Generally speaking, we want to "normalize" these coefficients, so that a0 = 1. We can do this by dividing each coefficient by a0. Do this in advance or the electrical engineers will laugh at you:

b0 /= a0 b1 /= a0 b2 /= a0 a1 /= a0 a2 /= a0

Now, in pseudocode, here's how we process our data, one sample at a time using a "process" function that looks something like this:

number xmem1, xmem2, ymem1, ymem2;

void reset() {
xmem1 = xmem2 = ymem1 = ymem2 = 0;
}
number process( number x ) {
number y = b0*x + b1*xmem1 + b2*xmem2 - a1*ymem1 - a2*ymem2;

xmem2 = xmem1;
xmem1 = x;
ymem2 = ymem1;
ymem1 = y;

return y;
}

You'll probably have some kind of loop that your process function goes in, since it will get called once for each audio sample.

There's actually more than one way to implement the process function given that particular set of coefficients. This implementation is called "Direct Form I" and happens to work pretty darn well most of the time. "Direct form II" has some admirers, but those people are either suffering from graduate-school-induced trauma or actually have some very good reason for doing what they are doing that in all likelihood does not apply to you. There are of course other implementations, but DFI is a good place to start.
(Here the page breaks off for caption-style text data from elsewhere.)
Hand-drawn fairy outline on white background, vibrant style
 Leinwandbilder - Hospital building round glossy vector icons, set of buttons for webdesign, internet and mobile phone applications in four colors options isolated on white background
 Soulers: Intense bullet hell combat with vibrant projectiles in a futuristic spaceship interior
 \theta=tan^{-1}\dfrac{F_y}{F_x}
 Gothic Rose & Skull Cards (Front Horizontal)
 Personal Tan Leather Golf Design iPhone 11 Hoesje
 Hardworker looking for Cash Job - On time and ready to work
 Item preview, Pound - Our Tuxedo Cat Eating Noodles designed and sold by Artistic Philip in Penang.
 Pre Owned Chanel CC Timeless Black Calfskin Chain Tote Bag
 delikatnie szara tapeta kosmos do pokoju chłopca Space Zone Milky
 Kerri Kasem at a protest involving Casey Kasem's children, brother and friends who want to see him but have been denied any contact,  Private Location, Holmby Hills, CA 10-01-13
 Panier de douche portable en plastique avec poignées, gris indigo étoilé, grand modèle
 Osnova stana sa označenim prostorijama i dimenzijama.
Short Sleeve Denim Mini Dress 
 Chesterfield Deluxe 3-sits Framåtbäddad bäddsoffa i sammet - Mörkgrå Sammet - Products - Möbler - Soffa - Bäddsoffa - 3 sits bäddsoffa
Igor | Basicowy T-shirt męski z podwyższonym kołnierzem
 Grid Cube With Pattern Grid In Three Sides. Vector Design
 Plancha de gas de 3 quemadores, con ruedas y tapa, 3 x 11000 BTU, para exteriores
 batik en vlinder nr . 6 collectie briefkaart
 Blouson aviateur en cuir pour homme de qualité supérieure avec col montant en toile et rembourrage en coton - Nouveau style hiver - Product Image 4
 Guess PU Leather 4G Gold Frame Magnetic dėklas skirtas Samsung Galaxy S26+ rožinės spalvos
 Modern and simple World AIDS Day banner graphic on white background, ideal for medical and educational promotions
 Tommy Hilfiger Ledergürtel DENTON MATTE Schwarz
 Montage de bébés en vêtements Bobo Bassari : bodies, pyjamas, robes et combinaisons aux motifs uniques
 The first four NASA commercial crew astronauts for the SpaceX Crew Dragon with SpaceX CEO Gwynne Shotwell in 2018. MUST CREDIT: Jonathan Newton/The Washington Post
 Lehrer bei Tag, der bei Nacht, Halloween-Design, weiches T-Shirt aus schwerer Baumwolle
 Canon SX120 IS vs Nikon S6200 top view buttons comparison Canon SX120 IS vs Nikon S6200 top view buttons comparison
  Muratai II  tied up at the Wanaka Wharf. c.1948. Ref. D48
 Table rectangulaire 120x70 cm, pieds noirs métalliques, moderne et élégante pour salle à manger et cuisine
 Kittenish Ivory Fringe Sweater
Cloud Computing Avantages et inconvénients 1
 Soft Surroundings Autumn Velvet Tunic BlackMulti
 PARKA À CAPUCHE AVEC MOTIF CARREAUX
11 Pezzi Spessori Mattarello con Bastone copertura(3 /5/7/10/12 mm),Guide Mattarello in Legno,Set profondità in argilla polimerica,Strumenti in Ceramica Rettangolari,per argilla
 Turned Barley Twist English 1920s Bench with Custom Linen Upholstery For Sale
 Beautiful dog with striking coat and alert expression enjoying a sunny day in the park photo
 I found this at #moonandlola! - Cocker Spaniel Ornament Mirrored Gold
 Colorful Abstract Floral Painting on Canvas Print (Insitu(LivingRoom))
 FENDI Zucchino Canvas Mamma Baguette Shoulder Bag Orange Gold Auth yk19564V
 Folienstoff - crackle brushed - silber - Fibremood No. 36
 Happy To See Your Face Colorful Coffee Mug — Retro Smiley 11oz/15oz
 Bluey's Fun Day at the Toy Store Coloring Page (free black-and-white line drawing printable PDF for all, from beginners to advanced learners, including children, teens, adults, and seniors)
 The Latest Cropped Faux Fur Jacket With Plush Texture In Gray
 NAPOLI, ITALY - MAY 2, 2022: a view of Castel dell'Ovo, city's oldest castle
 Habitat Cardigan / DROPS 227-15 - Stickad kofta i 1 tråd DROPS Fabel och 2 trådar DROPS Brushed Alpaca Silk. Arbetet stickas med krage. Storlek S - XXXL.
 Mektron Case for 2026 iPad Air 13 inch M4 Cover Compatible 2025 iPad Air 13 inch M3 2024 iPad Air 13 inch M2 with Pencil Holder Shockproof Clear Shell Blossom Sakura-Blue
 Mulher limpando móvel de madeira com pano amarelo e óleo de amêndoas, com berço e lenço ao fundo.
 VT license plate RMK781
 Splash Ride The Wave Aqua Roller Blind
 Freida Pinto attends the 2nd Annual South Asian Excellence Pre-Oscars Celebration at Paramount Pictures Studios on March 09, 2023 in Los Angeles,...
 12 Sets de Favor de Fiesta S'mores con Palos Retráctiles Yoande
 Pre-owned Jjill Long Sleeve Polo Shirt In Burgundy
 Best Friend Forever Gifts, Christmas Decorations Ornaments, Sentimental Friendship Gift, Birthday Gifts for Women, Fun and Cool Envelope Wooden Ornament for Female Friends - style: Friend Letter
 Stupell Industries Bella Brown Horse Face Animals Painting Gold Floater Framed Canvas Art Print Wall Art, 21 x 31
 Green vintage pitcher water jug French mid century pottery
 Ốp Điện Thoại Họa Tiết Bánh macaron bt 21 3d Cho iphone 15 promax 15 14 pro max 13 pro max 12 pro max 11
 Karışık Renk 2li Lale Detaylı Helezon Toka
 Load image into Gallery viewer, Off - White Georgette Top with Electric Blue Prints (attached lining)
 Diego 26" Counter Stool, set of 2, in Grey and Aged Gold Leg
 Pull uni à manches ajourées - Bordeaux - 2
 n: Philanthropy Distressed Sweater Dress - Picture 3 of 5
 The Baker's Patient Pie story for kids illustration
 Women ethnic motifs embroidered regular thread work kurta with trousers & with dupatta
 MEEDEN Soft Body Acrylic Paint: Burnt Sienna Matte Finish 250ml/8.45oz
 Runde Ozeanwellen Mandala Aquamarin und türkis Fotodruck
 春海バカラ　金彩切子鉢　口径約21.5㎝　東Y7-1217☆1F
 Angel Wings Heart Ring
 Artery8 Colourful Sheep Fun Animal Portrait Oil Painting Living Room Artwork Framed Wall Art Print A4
You may have noticed that the output of the filter, y, is stored and used as an input to future iterations. The filter is therefore "recursive". This has several implications:

  • The filter is fairly sensitive to errors in the recursive values and coefficients. Because of this, we need to take care of what happens with the error in our y values. In practice, on computers, we usually just need to use a high resolution floating point value (ie double precision) to store these (on fixed point hardware, it is often another matter).
  • Another issue is that you can't just blindly set the values of your coefficients, or your filter may become unstable. Fortunately, the coefficients that come out of RJB's equations always result in stable filters, but don't go messing around. For example, you might be tempted to interpolate coefficients from one set of values to another to simulate a filter sweep. Resist this temptation or you will unleash the numerical fury of hell! The values in between will be "unstable" meaning that your output will run off to infinity. Madness, delirium, vomiting and broken speakers are often the unfortunate casualties.
  • On some platforms you will have to deal with something called "denormal" numbers. This is a major pain in the ass, I'm sorry to say. Basically it means our performance will be between 10 and 100 times worse than it should be because the CPU is busy calculating tiny numbers you don't care about. This is one of the rare cases where I would advocate optimizing before you measure a problem because sometimes your code moves around and it comes up and it's very hard to trace this issue. In this case, the easiest solution is probably to do something like this (imagine we are in C for a moment):


#DEFINE IS_DENORMAL(f) (((*(unsigned int *)&(f))&0x7f800000) == 0)
float xmem1, xmem2, ymem1, ymem2;

void reset() {
xmem1 = xmem2 = ymem1 = ymem2 = 0;
}
float process( float x ) {
number y = b0*x + b1*xmem1 + b2*xmem2 - a1*ymem1 - a2*ymem2;

if( IS_DENORMAL( y ) )
y = 0;

xmem2 = xmem1;
xmem1 = x;
ymem2 = ymem1;
ymem1 = y;

return y;
}

Okay, happy filtering!

Wednesday, August 8, 2012

Why EQ Is Done In the Time Domain

In my last post, I discussed how various audio processing may be best done in the frequency or time domain. Specifically, I suggested that EQ, which is a filter that alters the frequency balance of a signal, is best done in the time domain, not the frequency domain. (See my next post if you want to learn how to implement a time-domain filter.)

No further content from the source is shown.